Después de un momento de juego ya es imposible encontrar la guía y empezar a tejer. Por eso, para contrarrestar lo sustantivo que, en ocasiones, como el tiempo, se presenta nuboso y frío, es preciso cerrar los ojos y buscar el sol que ilumina y dora los sueños. Y lo mejor de los sueños es el final. Pero no un final cualquiera, sino un final feliz. ¿Recuerdan ustedes como los cuentos fantásticos generalmente terminan con un beso? La explicación es muy sencilla: el beso cierra la historia porque representa la culminación del sueño, y sin dar tiempo a más, resume contundentemente: “y fueron felices y comieron perdices”: fin. Ya no hay más que contar. Ladinamente nos sitúan en el Limbo. Cuando se sigue una continuación, ya se entra en otro terreno más real y el final no es tan bonito. 

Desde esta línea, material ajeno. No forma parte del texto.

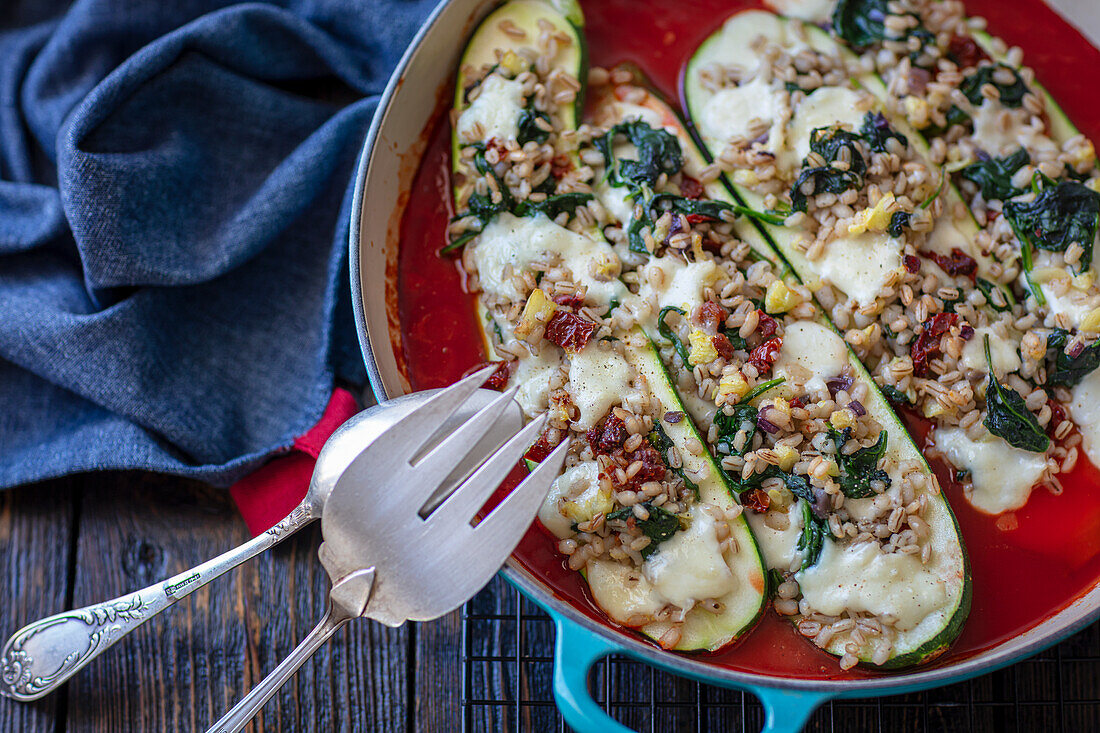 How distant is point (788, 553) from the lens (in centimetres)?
260

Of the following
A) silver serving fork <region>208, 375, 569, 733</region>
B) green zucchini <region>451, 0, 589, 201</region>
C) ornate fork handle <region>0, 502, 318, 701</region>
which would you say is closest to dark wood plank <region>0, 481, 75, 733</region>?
ornate fork handle <region>0, 502, 318, 701</region>

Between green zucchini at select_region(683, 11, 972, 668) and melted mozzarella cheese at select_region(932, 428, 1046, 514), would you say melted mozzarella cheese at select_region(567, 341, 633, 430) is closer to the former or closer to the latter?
green zucchini at select_region(683, 11, 972, 668)

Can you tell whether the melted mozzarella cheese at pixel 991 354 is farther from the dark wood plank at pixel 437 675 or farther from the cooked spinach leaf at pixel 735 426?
the dark wood plank at pixel 437 675

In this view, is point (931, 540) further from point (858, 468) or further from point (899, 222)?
point (899, 222)

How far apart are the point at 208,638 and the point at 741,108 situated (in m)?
2.60

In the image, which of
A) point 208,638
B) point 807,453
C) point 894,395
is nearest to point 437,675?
point 208,638

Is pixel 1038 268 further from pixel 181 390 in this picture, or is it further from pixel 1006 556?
pixel 181 390

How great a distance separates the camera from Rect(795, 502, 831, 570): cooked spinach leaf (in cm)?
257

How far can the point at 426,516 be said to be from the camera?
7.63 ft

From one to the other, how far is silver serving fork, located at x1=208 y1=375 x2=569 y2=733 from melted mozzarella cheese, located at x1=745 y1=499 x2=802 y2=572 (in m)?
0.75

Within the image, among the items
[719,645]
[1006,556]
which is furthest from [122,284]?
[1006,556]

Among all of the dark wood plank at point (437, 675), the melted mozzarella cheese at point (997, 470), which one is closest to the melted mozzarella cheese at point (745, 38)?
the melted mozzarella cheese at point (997, 470)

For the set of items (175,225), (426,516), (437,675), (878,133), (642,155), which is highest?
(878,133)

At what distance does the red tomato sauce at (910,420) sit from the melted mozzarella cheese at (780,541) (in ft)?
0.57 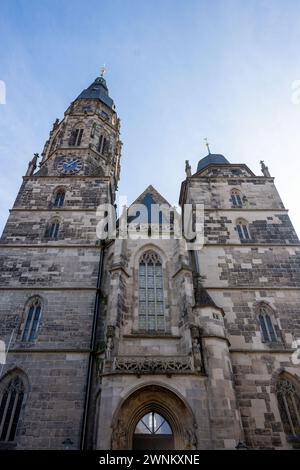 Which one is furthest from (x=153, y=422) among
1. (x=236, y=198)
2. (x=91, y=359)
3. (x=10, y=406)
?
(x=236, y=198)

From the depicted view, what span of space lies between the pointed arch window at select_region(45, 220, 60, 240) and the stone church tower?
7cm

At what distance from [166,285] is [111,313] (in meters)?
2.54

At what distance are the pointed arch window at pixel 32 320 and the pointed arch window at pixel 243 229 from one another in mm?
9472

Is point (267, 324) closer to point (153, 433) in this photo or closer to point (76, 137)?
point (153, 433)

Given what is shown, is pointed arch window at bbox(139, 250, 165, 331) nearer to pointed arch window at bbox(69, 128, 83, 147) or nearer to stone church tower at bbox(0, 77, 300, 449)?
stone church tower at bbox(0, 77, 300, 449)

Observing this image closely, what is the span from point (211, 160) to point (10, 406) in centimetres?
1764

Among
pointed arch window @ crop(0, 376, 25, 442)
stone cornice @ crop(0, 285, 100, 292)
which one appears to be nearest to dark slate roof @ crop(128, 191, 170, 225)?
stone cornice @ crop(0, 285, 100, 292)

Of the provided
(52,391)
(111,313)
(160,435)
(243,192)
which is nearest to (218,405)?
(160,435)

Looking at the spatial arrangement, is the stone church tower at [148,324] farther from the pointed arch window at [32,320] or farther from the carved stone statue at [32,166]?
the carved stone statue at [32,166]

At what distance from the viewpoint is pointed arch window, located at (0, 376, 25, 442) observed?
9.65 metres

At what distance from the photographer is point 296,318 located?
12156mm

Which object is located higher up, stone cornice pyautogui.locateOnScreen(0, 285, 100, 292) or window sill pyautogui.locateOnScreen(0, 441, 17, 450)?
stone cornice pyautogui.locateOnScreen(0, 285, 100, 292)

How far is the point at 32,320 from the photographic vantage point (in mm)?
11898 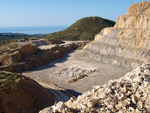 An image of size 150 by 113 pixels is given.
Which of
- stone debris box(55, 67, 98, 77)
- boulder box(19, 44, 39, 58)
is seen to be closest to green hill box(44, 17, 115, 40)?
boulder box(19, 44, 39, 58)

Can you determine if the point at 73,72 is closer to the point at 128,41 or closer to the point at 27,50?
the point at 128,41

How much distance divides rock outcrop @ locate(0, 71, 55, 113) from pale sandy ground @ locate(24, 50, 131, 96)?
5054 millimetres

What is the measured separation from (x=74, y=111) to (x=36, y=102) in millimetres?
7188

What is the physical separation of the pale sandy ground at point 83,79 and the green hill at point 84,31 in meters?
26.0

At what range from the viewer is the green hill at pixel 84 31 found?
54844 millimetres

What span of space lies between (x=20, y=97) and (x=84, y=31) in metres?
51.5

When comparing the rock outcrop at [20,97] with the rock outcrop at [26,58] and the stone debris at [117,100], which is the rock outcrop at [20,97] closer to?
the stone debris at [117,100]

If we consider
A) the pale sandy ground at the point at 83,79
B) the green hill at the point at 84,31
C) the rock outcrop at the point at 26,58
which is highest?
the green hill at the point at 84,31

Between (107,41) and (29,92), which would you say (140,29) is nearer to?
(107,41)

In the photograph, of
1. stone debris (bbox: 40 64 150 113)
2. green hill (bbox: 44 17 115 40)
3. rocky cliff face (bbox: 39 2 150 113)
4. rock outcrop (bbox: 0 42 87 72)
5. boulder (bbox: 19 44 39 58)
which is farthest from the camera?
green hill (bbox: 44 17 115 40)

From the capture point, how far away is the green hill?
54.8m

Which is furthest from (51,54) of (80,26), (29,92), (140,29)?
(80,26)

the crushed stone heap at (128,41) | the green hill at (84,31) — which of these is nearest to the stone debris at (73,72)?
the crushed stone heap at (128,41)

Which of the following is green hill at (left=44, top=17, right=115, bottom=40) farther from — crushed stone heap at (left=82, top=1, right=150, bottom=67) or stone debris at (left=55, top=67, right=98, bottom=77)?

Los grandes y apasionados amores que trascendieron el beso, generalmente vararon en una práctica rocosa. Ejemplos hay en la realidad y en la ficción. Por eso me ratifico en que al menos las narraciones creadas por artistas y escritores que traten el tema sentimental, las ideen redondas y dichosas a pesar de todos los pesares por los que se tenga que pasar antes de acabar. Cuando una obra es muy buena, y hermosa, con músicas y estrellas, pero acaba mal, lloramos. Y es muy posible que esas lágrimas vertidas no sean del todo por los protagonistas, sino por nosotros mismos, ya que su final nos obliga a dejar los sueños y a posar nuevamente los pies sobre la tierra. ¡Qué pena que los anales relaten penas! Permítanme, queridos lectores, que hoy me sienta sentimental, y exprese mi deseo de que todas las vidas reales o ficticias que lo merezcan, terminen siempre con horizontes luminosos.